L’altro pilastro demolito dalla decisione della Consulta riguarda, invece, i Lep o meglio il meccanismo di definizione dei livelli essenziali delle prestazioni che la legge affidava al Governo. La Consulta ha stabilito che tale potere deve essere in capo al Parlamento.

I LEP non possono essere determinati da una delega legislativa aperta ma devono essere definiti in maniera precisa e vincolante, poiché la loro individuazione è cruciale per garantire equità tra i cittadini, a prescindere dalla regione di residenza.

Il ricorso, Emiliano: “Bocciato progetto devolution Lega”

A sollevare la questione di costituzionalità della Legge Calderoli sono state quattro regioni italiane, tutte a guida centrosinistra, ovvero la Campania di Vincenzo De Luca, la Toscana di Eugenio Giani, la Sardegna della governatrice pentastellata Stefania Todde e il governatore della Puglia, Michele Emiliano. Proprio quest’ultimo, ai microfoni dell’inviato di Tag24.it Michele Lilla, ha spiegato l’importanza della pronuncia della Consulta su una questione dirimente come quella del trasferimento delle funzioni (e non più delle materie) alle regioni.

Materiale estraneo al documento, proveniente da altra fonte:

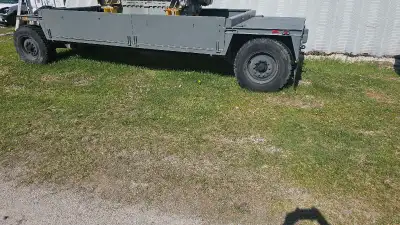New trailer. Was parked at my yard for a while. Comes with spare tire Painted in gray.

“Il punto essenziale che è molto complesso dal punto di vista tecnico è che non si possono trasferire blocchi di materie alle regioni, ma si possono trasferire solo singole funzioni, quindi un’interpretazione molto riduttiva dell’autonomia differenziata e che quindi non può servire alla devolution che era il progetto politico della Lega.”

Spiega Emiliano che poi lancia un appello a trovare una soluzione condivisa, che superi le divisioni politiche e geografiche, e favorisca un processo di autonomia differenziata che non divida ulteriormente l’Italia, ma che invece promuova l’armonia tra le regioni.

“Bisognerà trovare un accordo se vogliamo dare più potere alle regioni con la norma ordinaria che prevede una procedura rinforzata adesso bisogna far prevalere l’armonia e non la divisione. La divisione Nord/ Sud dell’Italia è una iattura gravissima, è una battaglia che dobbiamo fare insieme, non ci si può riuscire a strappi.”

Conclude il governatore pugliese.

Le regioni ‘ribelli’ avevano chiesto alla Corte Costituzionale di valutare l’incostituzionalità dell’intera legge, ma i giudici hanno ritenuto infondata tale richiesta individuando, come già detto, solo alcune disposizioni illegittime con 14 dichiarazioni di incostituzionalità, 12 inammissibilità e 24 dichiarazioni di non fondatezza.

In sintesi: perché la Consulta ha bocciato l’autonomia differenziata

La Corte Costituzionale ha bocciato parti significative della Legge sull’Autonomia Differenziata, ecco le ragioni e le conseguenze dell’intervento della Corte:

  • Principio di sussidiarietà: La riforma prevedeva il trasferimento di interi settori alle regioni, ma la Corte ha stabilito che solo singole funzioni possono essere trasferite, e ciò solo se le regioni sono in grado di gestirle più efficacemente dello Stato.
  • Definizione dei LEP: La legge delegava al Governo la determinazione dei Livelli Essenziali delle Prestazioni (LEP), ma la Corte ha deciso che questa deve essere una prerogativa del Parlamento, per garantire equità tra i cittadini di tutte le regioni.
  • Riforma incompleta e necessità di modifiche: La Corte ha bocciato molti aspetti della legge, rimandando al Parlamento la revisione di disposizioni critiche, senza dichiarare l’intera legge incostituzionale.